Jon Jordan, News 9
OKLAHOMA CITY -- Military officials said there's no evidence of civilian casualties despite Libya's claims of dozens of deaths, but one Oklahoman said he is worried about his friends and family who are still in Libya.
As a young boy growing up in Libya, Mohamed Elyazgi knew it wasn't a place where he wanted to live and raise a family.
"I actually fled Libya because I thought it's not going to be safe for me over there anymore," Elyazgi said.
Elyazgi said the atrocities that are unfolding in his native country on a daily basis are things he witnessed growing up, including the brutal killing of one of his college friends.
"My friend got hanged in the middle of the university, so I decided I cannot stay here anymore. It's endangering myself and even my family. They helped me to come to the United States and finish my education and got married here and have kids," Elyazgi said.

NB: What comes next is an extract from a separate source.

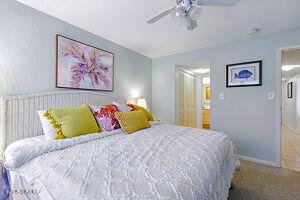 4175 S Atlantic Ave Unit 405, New Smyrna Beach, FL 32169 - bedroom with baseboards, ceiling fan, and carpet flooring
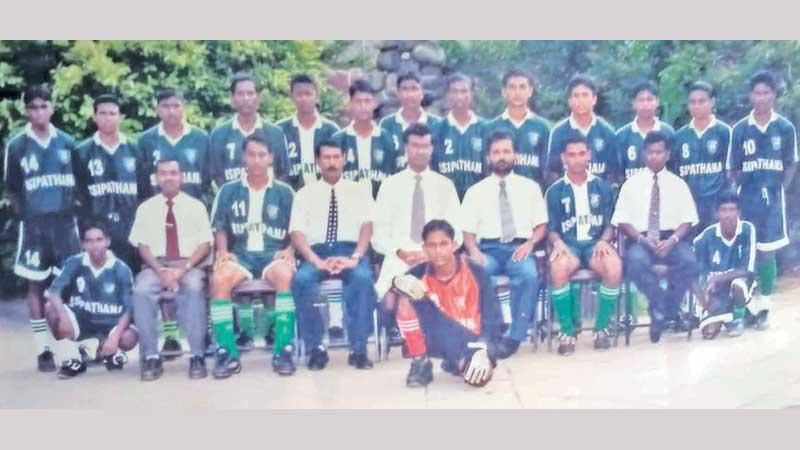 Seated from left: M.H. Yakeem (coordinator), Sriyantha (captain), Gamini Sarathchandra (POG), Upali Gunasekera (Principal), Palitha (MIC), Ranga, Sarath (coach). Standing from left: Doole, Ruwan, Irshad, Tidiman, Shafie, Lanka, Vikum, Rajan, Isanka, Wettasinghe, Rukshan, Shulhie, Leonard. Squatting from left: Sudharshan, goal keeper Asanka Bandara and Akila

Elyazgi said he supports the U.S. led air strikes in hopes that it will finally remove Moammar Gadhafi from power.
"Every Libyan has suffered because of him," Elyazgi said. "It seems like we are always being a little bit too late. He's already killed, they talk about, 6,000 to 10,000 people already killed. Why we wait that long?"
Elyazgi said he can't help but think about the future of Libya, one without Gadhafi in power.
"Once he's gone and the wealth of Libya will be used by the Libyan people to develop their country, then the future for Libya, then the future is unlimited there," Elyazgi said.
Elyazgi said several of his family members, including his mother and father, were killed when the U.S. bombed the country in 1986 following a Libyan terrorist attack on U.S. soldiers in Germany.